As it happens, the Crown Office is run by Scotland’s lord advocate, James Wolffe, who sits in Sturgeon’s Cabinet and serves as the Scottish government’s chief legal adviser.
The SPCB’s decision instantly drew accusations of political interference, both from Salmond — who said the Crown Office was “not fit for purpose” — and from ex-Scottish Conservative leader Ruth Davidson, who accused Sturgeon of shutting down the channels of democratic accountability.
“At the moment, the [Scottish] government is running riot and is denying the parliament its right of scrutiny,” she said.
There is as yet no evidence that Wolffe intervened to censor Salmond’s claims of a stitch-up, nor that the Crown Office was acting to protect Sturgeon and her team from the inquiry.
Nonetheless, the controversy has bolstered the belief among Sturgeon’s critics — both inside and outside of the Scottish National Party (SNP) — that Scotland has become a more corrupt country under her leadership, and that the devolutionary experiment itself is faltering.

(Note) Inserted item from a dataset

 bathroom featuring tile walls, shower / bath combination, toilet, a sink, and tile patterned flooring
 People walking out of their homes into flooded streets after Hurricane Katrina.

“Open, accountable and transparent — these are the watchwords that heralded the advent of Scotland’s new democracy in 1999,” Bernard Ponsonby, one of Scotland’s most seasoned and respected broadcast journalists, wrote on Wednesday. “These heady ideals look distinctly tarnished when following every twist and turn of what has been dubbed ‘The Alex Salmond Affair.’”

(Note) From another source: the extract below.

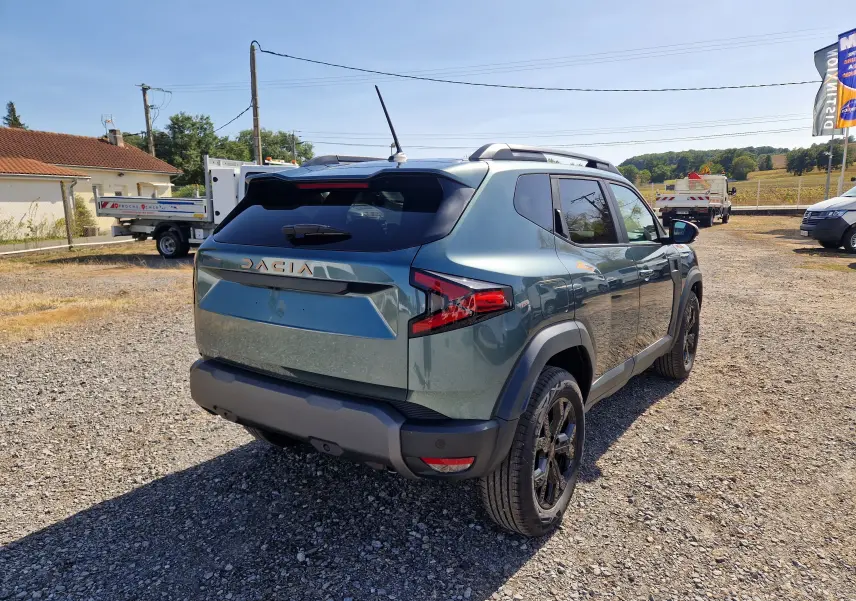 Vue 3/4 arrière droite du Dacia Duster 1.8 Hybrid 155 Extreme vert cèdre avec jantes noires et toit équipé de barres de toit.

Sturgeon, of course, strongly rejects these charges and insists that Salmond and his allies are peddling “dangerous conspiracy theories” in an effort to deflect from his past behavior.
Still, the culmination of the bitter and long-running feud between the two politicians could not have come at a worse moment for Scottish nationalists.

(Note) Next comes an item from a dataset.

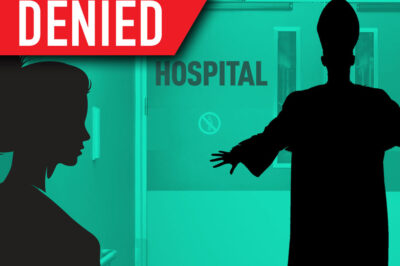 Bishop blocking hospital doors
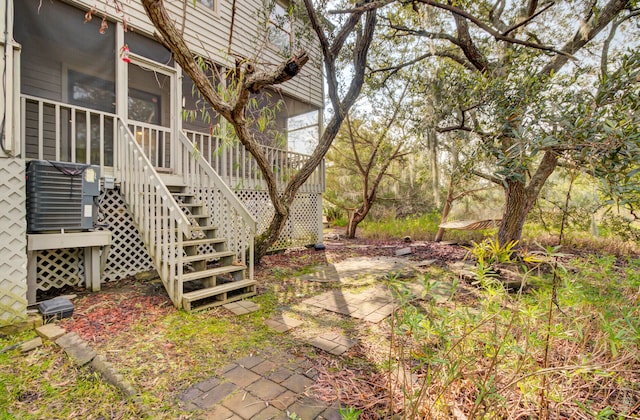 view of yard with a sunroom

Enthusiasm for independence is riding high: Since last March, 22 consecutive opinion polls have shown a majority of Scots in favor of leaving the U.K. Despite its divisions, the SNP remains hugely popular, too: The party is on course for a comfortable win at Scotland’s parliamentary elections in May.
Such a result would guarantee another five years of nationalist government in Edinburgh and amplify demands for a second referendum on independence. But that momentum could crumble if Sturgeon goes.
The first minister is the SNP’s most valuable political asset, registering sustained levels of support among both SNP voters and the wider Scottish electorate. It’s possible that Sturgeon will be forced to resign in the coming weeks, but if she is, it probably won’t be in response to the findings of the Holyrood inquiry.
Even before this latest, frantic phase of the stand-off, the committee process had been marred by leaks, delays, retractions, and obfuscation. Instead, Sturgeon’s fate rests on the outcome of a separate probe being conducted by James Hamilton QC, an Irish barrister investigating whether or not the SNP leader breached the ministerial code during the early stages of the Salmond affair in 2018 and 2019.
As if to add to the dramatic tension, Hamilton is expected to deliver his judgment shortly before Scots go to the polls in two months’ time.